= Work request =
From the entries below, reproduce exactly the line containing "Magnetic Round Wall", the line containing "Toyota RAV4-style compact", and every line in between, with nothing added.

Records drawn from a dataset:
= = =

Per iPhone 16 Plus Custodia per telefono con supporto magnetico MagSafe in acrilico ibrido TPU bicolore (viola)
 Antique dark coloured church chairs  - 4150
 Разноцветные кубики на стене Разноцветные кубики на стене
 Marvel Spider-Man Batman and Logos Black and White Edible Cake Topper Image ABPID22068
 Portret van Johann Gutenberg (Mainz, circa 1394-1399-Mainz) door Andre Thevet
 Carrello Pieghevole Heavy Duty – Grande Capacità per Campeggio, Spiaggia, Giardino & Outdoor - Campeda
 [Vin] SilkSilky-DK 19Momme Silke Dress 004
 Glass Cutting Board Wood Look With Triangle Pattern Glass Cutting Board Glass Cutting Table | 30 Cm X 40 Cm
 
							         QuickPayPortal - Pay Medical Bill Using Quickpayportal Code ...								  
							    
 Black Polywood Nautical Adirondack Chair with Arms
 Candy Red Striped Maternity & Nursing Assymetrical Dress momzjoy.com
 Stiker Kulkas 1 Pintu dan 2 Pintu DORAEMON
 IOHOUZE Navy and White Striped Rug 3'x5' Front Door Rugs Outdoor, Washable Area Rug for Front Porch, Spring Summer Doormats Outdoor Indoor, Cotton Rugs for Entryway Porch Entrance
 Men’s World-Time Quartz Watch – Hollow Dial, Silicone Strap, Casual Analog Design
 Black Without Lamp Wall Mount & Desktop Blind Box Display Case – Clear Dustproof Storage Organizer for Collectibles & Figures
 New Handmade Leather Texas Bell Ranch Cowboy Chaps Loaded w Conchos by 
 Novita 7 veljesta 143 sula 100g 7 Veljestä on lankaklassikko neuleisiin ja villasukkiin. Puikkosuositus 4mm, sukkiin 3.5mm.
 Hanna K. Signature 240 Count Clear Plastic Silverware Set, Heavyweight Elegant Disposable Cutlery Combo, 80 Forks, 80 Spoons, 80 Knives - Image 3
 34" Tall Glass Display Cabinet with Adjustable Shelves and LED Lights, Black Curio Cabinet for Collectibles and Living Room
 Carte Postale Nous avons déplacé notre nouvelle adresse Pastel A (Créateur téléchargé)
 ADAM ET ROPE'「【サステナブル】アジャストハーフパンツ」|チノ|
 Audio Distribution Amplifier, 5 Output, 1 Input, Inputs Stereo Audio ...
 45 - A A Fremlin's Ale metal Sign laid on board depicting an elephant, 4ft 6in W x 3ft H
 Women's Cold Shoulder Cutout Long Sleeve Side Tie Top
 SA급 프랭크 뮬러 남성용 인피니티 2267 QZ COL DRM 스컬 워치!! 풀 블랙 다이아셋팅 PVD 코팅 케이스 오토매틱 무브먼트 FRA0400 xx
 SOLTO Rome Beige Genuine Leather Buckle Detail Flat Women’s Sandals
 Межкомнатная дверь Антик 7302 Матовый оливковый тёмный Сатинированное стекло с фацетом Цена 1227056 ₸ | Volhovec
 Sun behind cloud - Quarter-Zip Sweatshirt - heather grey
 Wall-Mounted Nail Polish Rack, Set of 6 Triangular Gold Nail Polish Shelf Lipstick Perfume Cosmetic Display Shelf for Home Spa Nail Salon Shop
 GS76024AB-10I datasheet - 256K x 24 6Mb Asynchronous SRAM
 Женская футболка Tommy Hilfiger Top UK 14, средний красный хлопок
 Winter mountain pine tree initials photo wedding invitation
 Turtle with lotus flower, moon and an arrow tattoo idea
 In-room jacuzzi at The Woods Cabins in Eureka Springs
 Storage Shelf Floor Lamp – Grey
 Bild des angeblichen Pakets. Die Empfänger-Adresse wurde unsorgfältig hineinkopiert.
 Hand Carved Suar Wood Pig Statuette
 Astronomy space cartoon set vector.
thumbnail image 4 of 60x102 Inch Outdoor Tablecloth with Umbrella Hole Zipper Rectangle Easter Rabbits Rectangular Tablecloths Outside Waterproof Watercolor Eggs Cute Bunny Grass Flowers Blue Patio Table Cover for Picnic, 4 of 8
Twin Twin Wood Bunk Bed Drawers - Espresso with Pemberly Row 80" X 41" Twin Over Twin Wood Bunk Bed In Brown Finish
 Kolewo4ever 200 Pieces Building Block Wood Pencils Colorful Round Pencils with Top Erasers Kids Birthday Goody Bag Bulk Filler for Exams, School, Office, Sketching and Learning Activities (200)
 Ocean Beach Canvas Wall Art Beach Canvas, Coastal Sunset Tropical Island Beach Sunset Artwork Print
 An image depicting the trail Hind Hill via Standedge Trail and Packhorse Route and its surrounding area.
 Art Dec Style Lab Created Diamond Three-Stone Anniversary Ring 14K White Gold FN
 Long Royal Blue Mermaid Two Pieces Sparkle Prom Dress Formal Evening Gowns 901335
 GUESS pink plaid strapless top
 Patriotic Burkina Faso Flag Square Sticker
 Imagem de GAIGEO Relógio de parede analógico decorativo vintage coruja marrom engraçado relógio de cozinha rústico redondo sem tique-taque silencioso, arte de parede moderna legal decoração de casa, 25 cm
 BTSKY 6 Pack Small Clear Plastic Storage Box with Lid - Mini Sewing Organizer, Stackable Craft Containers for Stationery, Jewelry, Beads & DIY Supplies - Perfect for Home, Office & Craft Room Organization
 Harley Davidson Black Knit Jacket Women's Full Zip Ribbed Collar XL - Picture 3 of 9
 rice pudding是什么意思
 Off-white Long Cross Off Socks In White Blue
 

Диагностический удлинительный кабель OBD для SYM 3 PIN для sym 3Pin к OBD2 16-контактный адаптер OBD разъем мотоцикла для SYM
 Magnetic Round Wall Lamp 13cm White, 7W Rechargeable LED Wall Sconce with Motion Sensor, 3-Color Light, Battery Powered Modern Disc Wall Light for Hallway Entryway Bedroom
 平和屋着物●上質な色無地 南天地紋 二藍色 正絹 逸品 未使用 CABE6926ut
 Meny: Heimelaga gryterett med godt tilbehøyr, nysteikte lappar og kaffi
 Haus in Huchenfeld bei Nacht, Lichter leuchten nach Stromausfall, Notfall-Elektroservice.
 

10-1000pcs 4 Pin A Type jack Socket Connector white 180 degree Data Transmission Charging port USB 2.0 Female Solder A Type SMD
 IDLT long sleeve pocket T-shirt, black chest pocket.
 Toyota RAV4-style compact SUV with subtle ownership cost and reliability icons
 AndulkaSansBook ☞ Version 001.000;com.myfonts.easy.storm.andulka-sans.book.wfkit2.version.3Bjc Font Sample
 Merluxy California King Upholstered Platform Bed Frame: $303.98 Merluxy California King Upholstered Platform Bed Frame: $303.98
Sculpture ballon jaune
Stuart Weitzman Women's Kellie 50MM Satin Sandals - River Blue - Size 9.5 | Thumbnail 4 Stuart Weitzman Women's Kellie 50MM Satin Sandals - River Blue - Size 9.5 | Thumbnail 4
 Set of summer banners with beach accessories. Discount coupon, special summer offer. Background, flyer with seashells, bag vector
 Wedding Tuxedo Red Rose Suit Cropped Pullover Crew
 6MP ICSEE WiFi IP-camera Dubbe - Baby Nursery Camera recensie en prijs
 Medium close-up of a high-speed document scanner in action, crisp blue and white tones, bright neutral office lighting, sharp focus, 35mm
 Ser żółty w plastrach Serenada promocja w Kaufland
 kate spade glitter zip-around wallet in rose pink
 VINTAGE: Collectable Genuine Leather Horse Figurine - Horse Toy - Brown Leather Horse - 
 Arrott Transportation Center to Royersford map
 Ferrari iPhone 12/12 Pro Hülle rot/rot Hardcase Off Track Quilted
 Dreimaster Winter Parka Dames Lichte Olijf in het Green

= = =

= Answer to this task =
 Magnetic Round Wall Lamp 13cm White, 7W Rechargeable LED Wall Sconce with Motion Sensor, 3-Color Light, Battery Powered Modern Disc Wall Light for Hallway Entryway Bedroom
 平和屋着物●上質な色無地 南天地紋 二藍色 正絹 逸品 未使用 CABE6926ut
 Meny: Heimelaga gryterett med godt tilbehøyr, nysteikte lappar og kaffi
 Haus in Huchenfeld bei Nacht, Lichter leuchten nach Stromausfall, Notfall-Elektroservice.
 

10-1000pcs 4 Pin A Type jack Socket Connector white 180 degree Data Transmission Charging port USB 2.0 Female Solder A Type SMD
 IDLT long sleeve pocket T-shirt, black chest pocket.
 Toyota RAV4-style compact SUV with subtle ownership cost and reliability icons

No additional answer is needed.